Call Me by Your Name
Prömiyerini yaptığı Sundance Film Festivali’nde aldığı övgü dolu sözler ile eleştirmenlerin ve izleyicinin dikkatini kısa sürede çekmeyi başaran Call Me by Your Name, İtalyan yönetmen ve senarist Luca Guadagnino’nun son filmi. En son Tilda Swinton, Matthias Schoenaerts, Ralph Fiennes, Dakota Johnson’ın yer aldığı yıldız kadrolu A Bigger Splashile hatırı sayılır bir başarı yakalayan Guadagnino, son filmi ile yine dikkatleri üzerine çekecek gibi duruyor. 17 yaşındaki Elio ve staj yapmak için Elio’nun ailesinin evine konuk olarak gelen Oliver’ın arasında doğan sıcak ve bir o kadar erotik aşkın anlatıldığı Call Me by Your Name, eleştirmenler tarafından sevgi dolu ve cesur bir film olarak tanımlandı.
In the Fade
Dünya prömiyerini, Mayıs ayında Cannes Film Festivali’nde yapan, Fatih Akın imzalı “Paramparça” başrol oyuncusu Diane Kruger’ın başarılı performansıyla “En İyi Kadın Oyuncu” ödülünü almıştı. Film, bu kez de Oscar’da “Yabancı Dilde En İyi Film” dalında aday adayı oldu. Paramparça, Türkiye prömiyerini bu yıl 25 Eylül – 1 Ekim tarihleri arasında gerçekleştirilecek olan 24. Uluslararası Adana Film Festivali’nde gerçekleştirdikten sonra Filmekimi’nde izleyiciyle buluşacak.
Le Redoutable
“Artist”in yönetmeninin gözünden Jean-Luc Godard: LE REDOUTABLE Filmekimi’nde! Michel Hazanavicius’un yönettiği filmde Godard’ın gençliğini Louis Garrel canlandırıyor. Louis Garrel’in Godard’a ciddi anlamda benzediğini görmek yalnızca yayınlanan birkaç görselle bile mümkün. Bu muhteşem deneyimi kesinlikle kaçırmamak gerekiyor.

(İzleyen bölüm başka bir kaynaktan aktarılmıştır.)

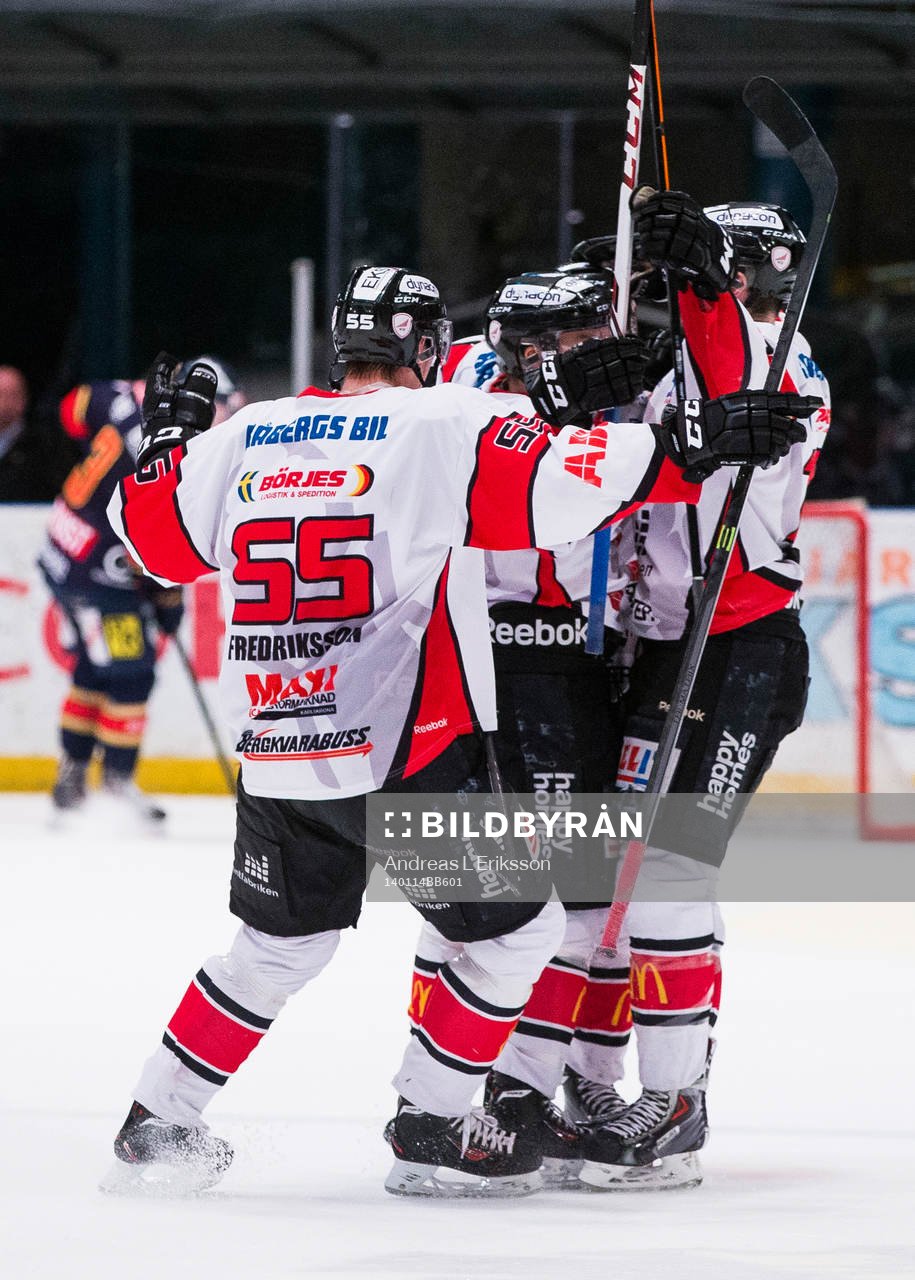 Spelarna i Karlskrona jublar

“Artist”in yönetmeni Michel Hazanavicius’ın bu yıl Cannes’da ana yarışmada yer alan son filmi LE REDOUTABLE, Filmekimi programında! Efsane yönetmen Jean-Luc Godard’ın eşi ve yıldızı Anne Wiazemsky ile beraberliğini anlatan renkli ve romantik dramın başrollerinde Stacy Martin ve Louis Garrel yer alıyorlar. Gerçek olaylardan esinlenen filmde “Artist” filminin yıldızı Bérénice Béjo da rol alıyor. Stacy Martin, “Bir Liderin Çocukluğu” filmi ile 2015 İstanbul Film Festivali’ne konuk gelmişti.
The Square
Ruben Östlund’un Cannes’da Altın Palmiye kazanan son filmi THE SQUARE Filmekimi’nde! Bir önceki filmi “Force Majeure” (Turist) ile aile kurumunu eleştiren Ruben Östlund Altın Palmiyeli yeni filmi THE SQUARE ile bu kez sanat dünyasını tiye alıyor. Östlund’un “görselliği ve hikâyesiyle izleyiciyi kışkırtıp eğlendirecek zarif bir taşlama” olarak tanımladığı THE SQUARE, Cannes ana yarışma jüri başkanı Almodovar’a göre “siyaseten doğruluğun tahakkümünü” ele alıyor. Müzeler ve sergi alanlarının steril ortamını mekân alan THE SQUARE stilize görselliği, sivri yaklaşımı ve kavramsal sanatı ele alışıyla hem çok çarpıcı hem de gerilimli. Ruben Östlund’un 2014’te yine Cannes’da Jüri Ödülü kazanan filmi “Force Majeure” de Türkiye prömiyerini Filmekimi’nde yapmıştı.
Housewife
Türkiye’de kaliteli korku sineması dendiğinde sayabileceğimiz nadir isimlerden biri olan Can Evrenol, ilk uzun metraj filmi Baskın ile güzel bir başarı yakalamıştı. Evrenol’un merakla beklediğimiz yeni filmi Housewife, Filmekimi’nde kesinlikle kaçırılmaması gereken filmlerden bir diğeri! Holly adlı karakterin, henüz 7 yaşındayken annesinin kardeşini ve babasını öldürmesine şahit olmasının ardından gün yüzüne çıkan kabuslarını konu alan film oldukça gergin bir atmosfere sahip. Filmin senaryosunu Can Evrenol ve Cem Özüduru birlikte kaleme almış. Clementine Poidatz, David Sakurai, Alicia Kapudağ, Defne Halman ve Ali Aksöz ise filmin başrollerinde yer alıyor.